The prop.conf file is:
spark.cassandra.connection.host myhost
spark.serializer org.apache.spark.serializer.KryoSerializer
spark.eventLog.enabled true
spark.eventLog.dir /var/tmp/eventLog
spark.executor.extraClassPath /home/ubuntu/spark-cassandra-connector-java-assembly-1.3.1-FAT.jar
And I get this exception:
Done cross mapping
Exception in thread "main" java.lang.NoSuchMethodError: com.datastax.spark.connector.mapper.ColumnMapper$.defaultColumnMapper(Lscala/reflect/ClassTag;Lscala/reflect/api/TypeTags$TypeTag;)Lcom/datastax/spark/connector/mapper/ColumnMapper;
at co.crowdx.aggregation.CassandraToElasticTransformater$.main(CassandraToElasticTransformater.scala:79)

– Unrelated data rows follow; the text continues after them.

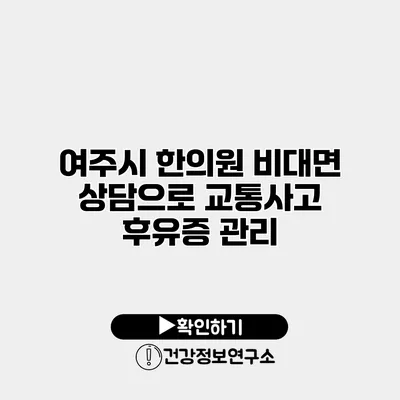 여주시 한의원 비대면 상담으로 교통사고 후유증 관리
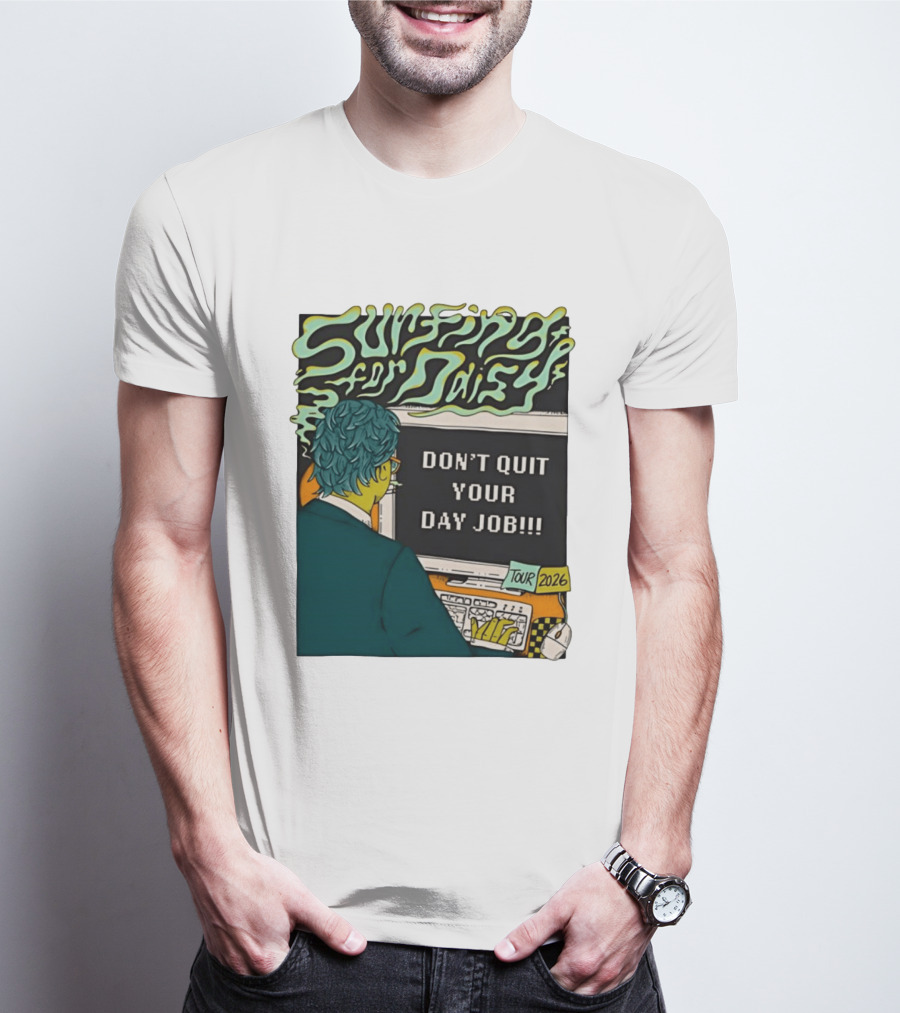 Surfing For Daisy Tour 2026 Don't Quit Your Day Job Retro Comic T-Shirt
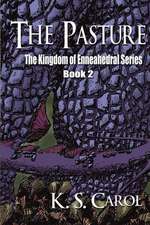 The Pasture: The Kingdom of Enneahedral Series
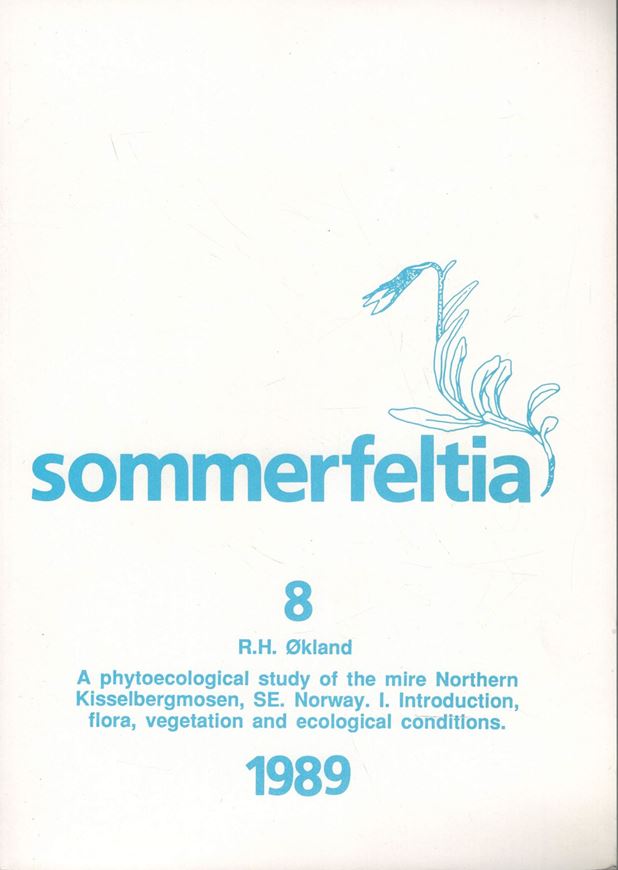 A series of monographs. Volume 8: Oekland, Rune H.: A phytoecological study of the mire Northern Kisselbergmosen, SE. Norway. I: Introduction, flora, vegetation and ecological conditions. 1989.80 figs. 48 tabs. 172 p. Lex8vo. Paper bd.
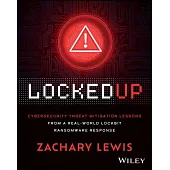 Locked Up: Cybersecurity Threat Mitigation Lessons from a Real-World Lockbit Ransomware Response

at co.crowdx.aggregation.CassandraToElasticTransformater.main(CassandraToElasticTransformater.scala)
at sun.reflect.NativeMethodAccessorImpl.invoke0(Native Method)
at sun.reflect.NativeMethodAccessorImpl.invoke(NativeMethodAccessorImpl.java:57)

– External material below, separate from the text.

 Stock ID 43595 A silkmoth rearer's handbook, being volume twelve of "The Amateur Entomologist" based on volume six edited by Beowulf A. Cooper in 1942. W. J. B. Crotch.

at sun.reflect.DelegatingMethodAccessorImpl.invoke(DelegatingMethodAccessorImpl.java:43)
at java.lang.reflect.Method.invoke(Method.java:606)
at org.apache.spark.deploy.SparkSubmit$.org$apache$spark$deploy$SparkSubmit$$runMain(SparkSubmit.scala:569)

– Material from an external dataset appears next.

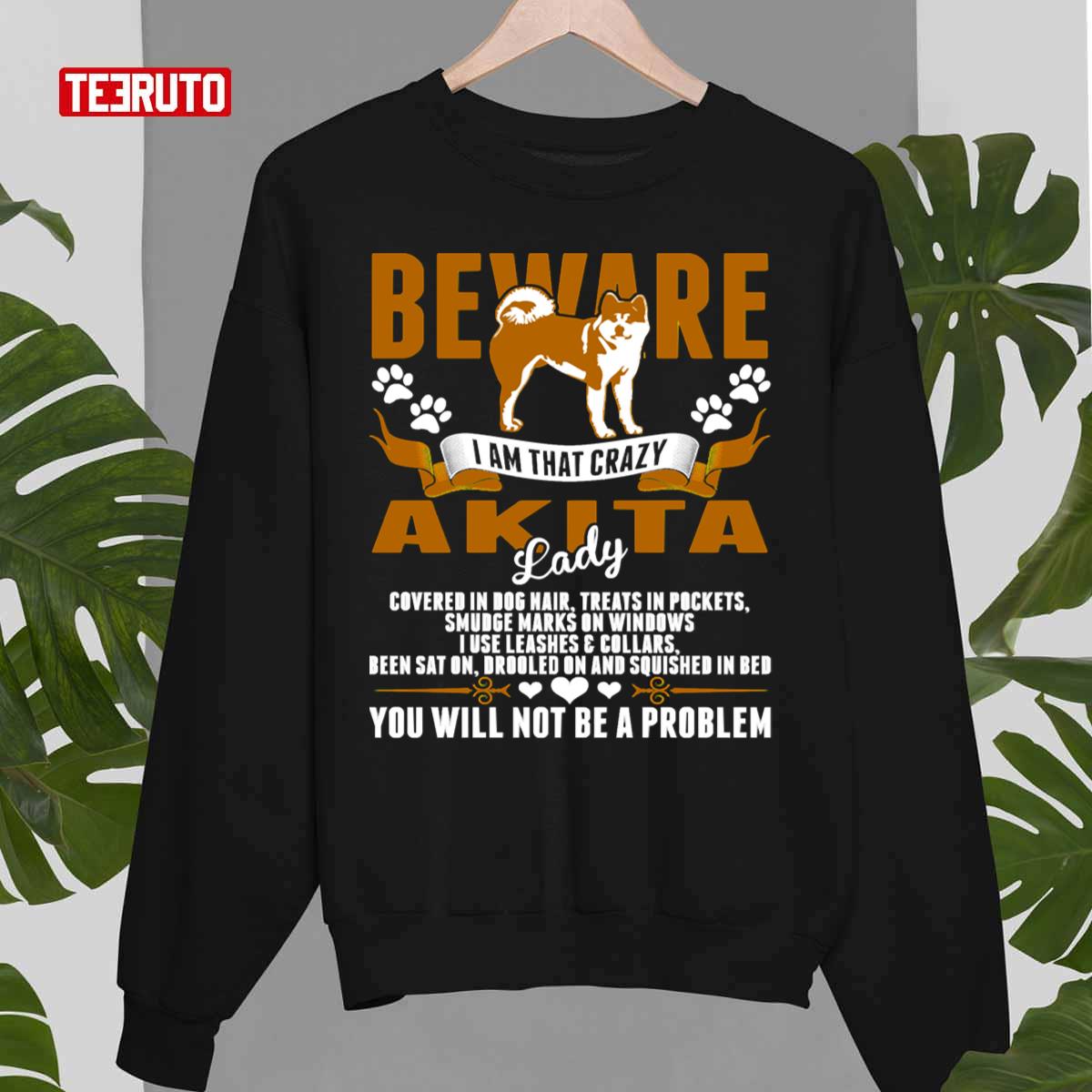 Beware I Am That Crazy Akita Dog Lady Unisex Sweatshirt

at org.apache.spark.deploy.SparkSubmit$.doRunMain$1(SparkSubmit.scala:166)
at org.apache.spark.deploy.SparkSubmit$.submit(SparkSubmit.scala:189)
at org.apache.spark.deploy.SparkSubmit$.main(SparkSubmit.scala:110)
at org.apache.spark.deploy.SparkSubmit.main(SparkSubmit.scala)
Done Sending Signal aggregation job to Spark
And The strange part is when I trying to run the commands from the script- in the shell its working fine. Im using:
/home/user/spark-1.3.1/bin/spark-shell --master spark://1.1.1.1:7077 --driver-class-path /home/ubuntu/spark-cassandra-connector-java-assembly-1.3.1-FAT.jar --properties-file prop.conf
The Build.scala file is:
import sbt._
import Keys._
import sbtassembly.Plugin._
import AssemblyKeys._
object AggregationsBuild extends Build {
lazy val buildSettings = Defaults.defaultSettings ++ Seq(
version := "1.0.0",
organization := "co.sheker",
scalaVersion := "2.10.4"
)
lazy val app = Project(
"geo-aggregations",
file("."),
settings = buildSettings ++ assemblySettings ++ Seq(
parallelExecution in Test := false,
libraryDependencies ++= Seq(
"com.datastax.spark" %% "spark-cassandra-connector" % "1.2.1",
// spark will already be on classpath when using spark-submit.
// marked as provided, so that it isn't included in assembly.
"org.apache.spark" %% "spark-core" % "1.2.1" % "provided",
"org.apache.spark" %% "spark-catalyst" % "1.2.1" % "provided",
"org.apache.spark" %% "spark-sql" % "1.2.1" % "provided",
"org.scalatest" %% "scalatest" % "2.1.5" % "test",
"org.postgresql" % "postgresql" % "9.4-1201-jdbc41",
"com.github.nscala-time" %% "nscala-time" % "2.4.0",
"org.elasticsearch" % "elasticsearch-hadoop" % "2.2.0" % "provided"
),
resolvers += "conjars.org" at "http://conjars.org/repo",
resolvers += "clojars" at "https://clojars.org/repo"
)
)
}
What is wrong? Why it fails on the submit but not in the shell?
You said that you are using spark 1.3 but your build contains spark 1.2.1 dependencies.
Like I said in the comment, I believe that your spark driver's version is different from the one in your application which leads to the error that you are getting.